I watch a lot of football and sometimes I’m flabbergasted by the VAR decisions that are made. Sometimes it feels like the video referees are desperately trying to make sure they don’t throw their mates under the bus when making their decisions.
However, I had tremendous sympathy for third umpire Nitin Menon when asked to decide if Steve Smith was exhausted for 43 shortly after tea.
There was so much going on at that time. First, he obviously knows the laws of the game and so he had to go through several checks.
Did England wicketkeeper Jonny Bairstow break the stumps? Yes. Has he broken the stumps enough for the two handles to come out of their grooves? No. Then when he hits the stumps, does the other surety come out all the way and was Smith short of the crease? Or was he above the fold at the time? Which strain had moved? And when?
After around 50 minutes of my Sky Sports colleague Ian Ward analyzing it to the nth degree with different camera angles, we finally got to a stage where it looked like it might have been out.
Steve Smith (pictured) narrowly escaped Jonny Bairstow on day two of the final Ashes Test
It was a controversial decision and one that sparked a lot of discussion online, with third referee Nitin Menon deciding that Smith was “not out”.

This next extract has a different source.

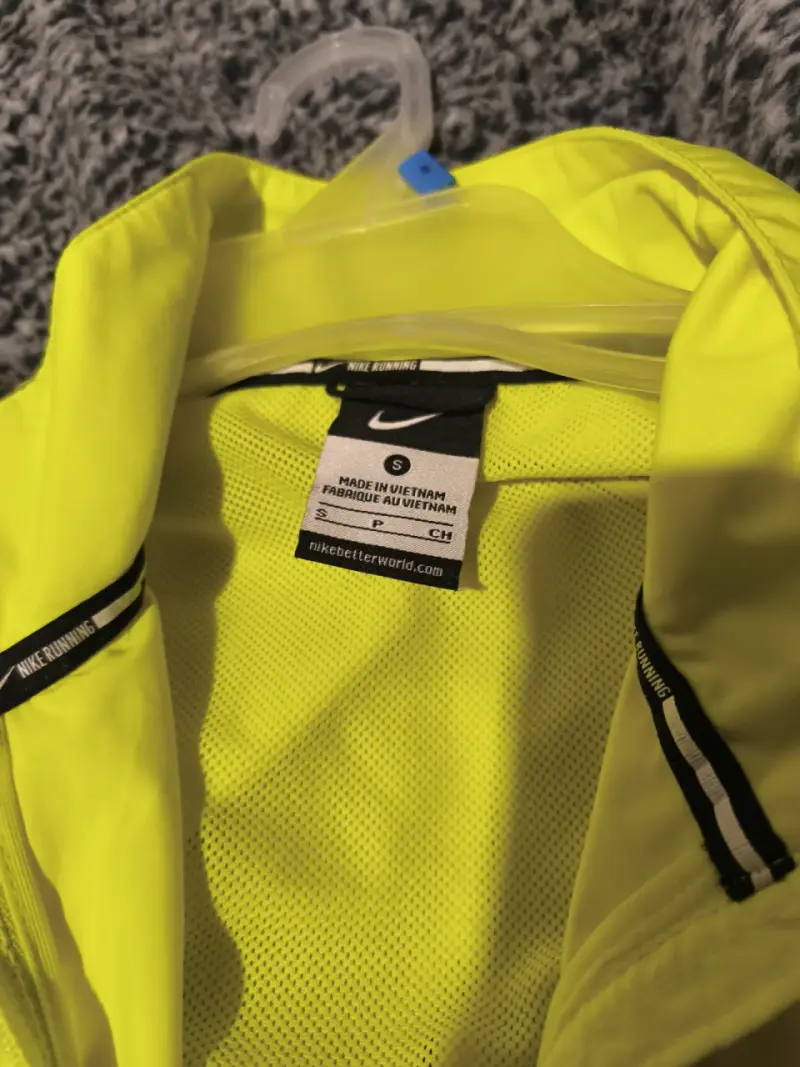 Chaqueta deportiva Nike Running amarilla - 3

There were millimeters between Smith’s bat in the crease as Bairstow crushed the ball into the stumps
The middle stump had backed up and it looked like the two surety lugs had come out of the groove, which must happen by law for a leak to occur.
Remember, it took 50 minutes! And it is not plausible that a third referee has 50 minutes.

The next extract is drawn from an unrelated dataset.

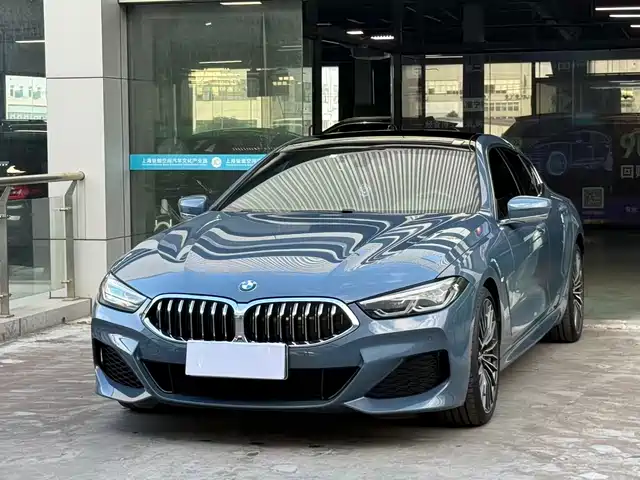 BMW 8 SERIES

So, I think it’s fair enough on this occasion, and there are times when a referee in that minute or two he has to work with is forced to say, “Honestly, I don’t know.”

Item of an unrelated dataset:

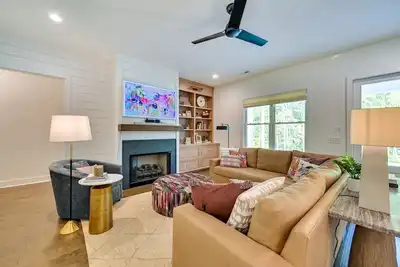 Image de Clemson Home Near Memorial Stadium, Lake Hartwell!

Sometimes in life there are things that just aren’t perfect. Not easy. It wasn’t an obvious mistake.
The other thing I find interesting is that if Jonny Bairstow hadn’t made the mistake, what would have been the end result? Also remember that Smith’s dive to about three meters was magnificent.
The other thing that people may have forgotten is that the law has changed. It used to be that if your bat crossed the line and bounced, you could still be knocked out.
But this law now states that once you anchor it beyond the fold you are in.
It’s not that kind of decision that frustrates me. The ones that do are when the officials can just give themselves 10 more seconds and make the right call.
In commentary, during a test match between India and England in Chennai two years ago, Mark Butcher cited such an example.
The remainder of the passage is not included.